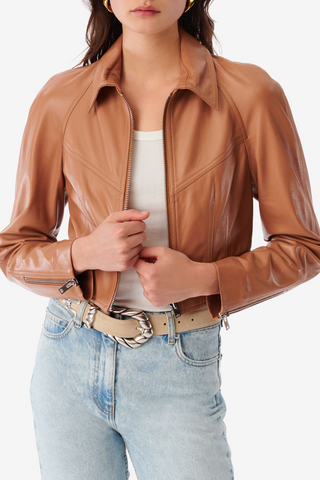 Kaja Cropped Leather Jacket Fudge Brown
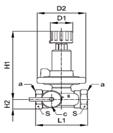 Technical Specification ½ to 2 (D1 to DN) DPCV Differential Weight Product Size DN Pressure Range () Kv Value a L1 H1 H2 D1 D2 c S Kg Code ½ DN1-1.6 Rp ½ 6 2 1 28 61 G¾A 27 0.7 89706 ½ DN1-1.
----------------
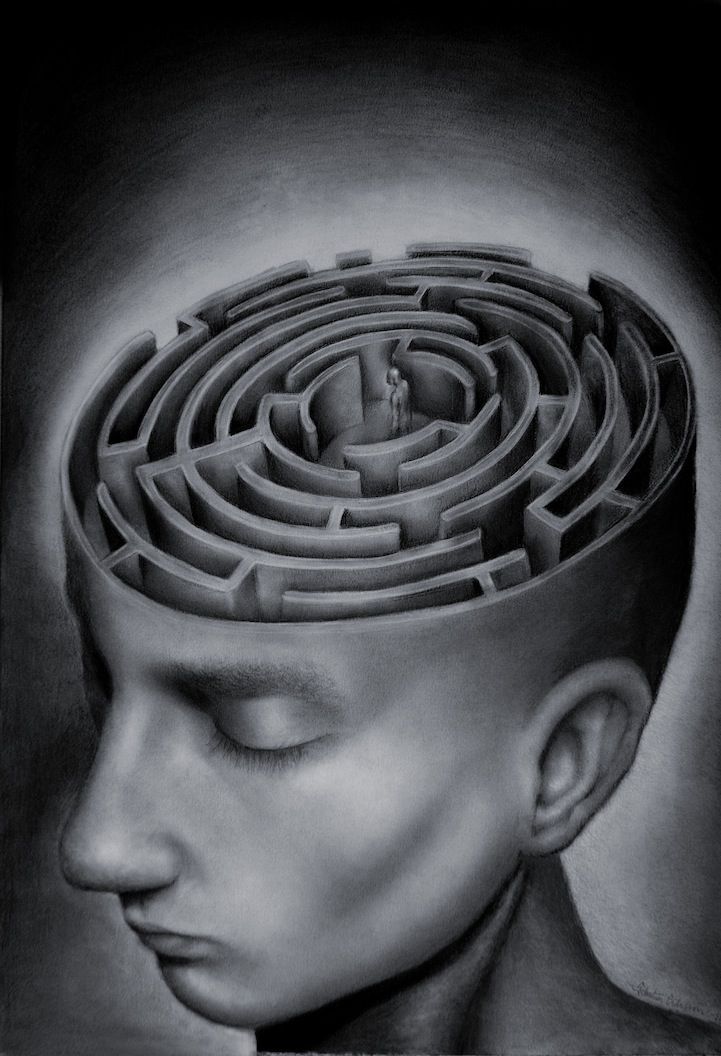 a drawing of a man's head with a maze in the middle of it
----------------
▸ About this task:
Exercise for the records above: copy only the lines from the one with "Kaja Cropped Leather Jacket Fudge Brown" to the one with "Technical Specification ½", both ends kept, and drop the pictures.

▸ Result of the task:
 Kaja Cropped Leather Jacket Fudge Brown
 Technical Specification ½ to 2 (D1 to DN) DPCV Differential Weight Product Size DN Pressure Range () Kv Value a L1 H1 H2 D1 D2 c S Kg Code ½ DN1-1.6 Rp ½ 6 2 1 28 61 G¾A 27 0.7 89706 ½ DN1-1.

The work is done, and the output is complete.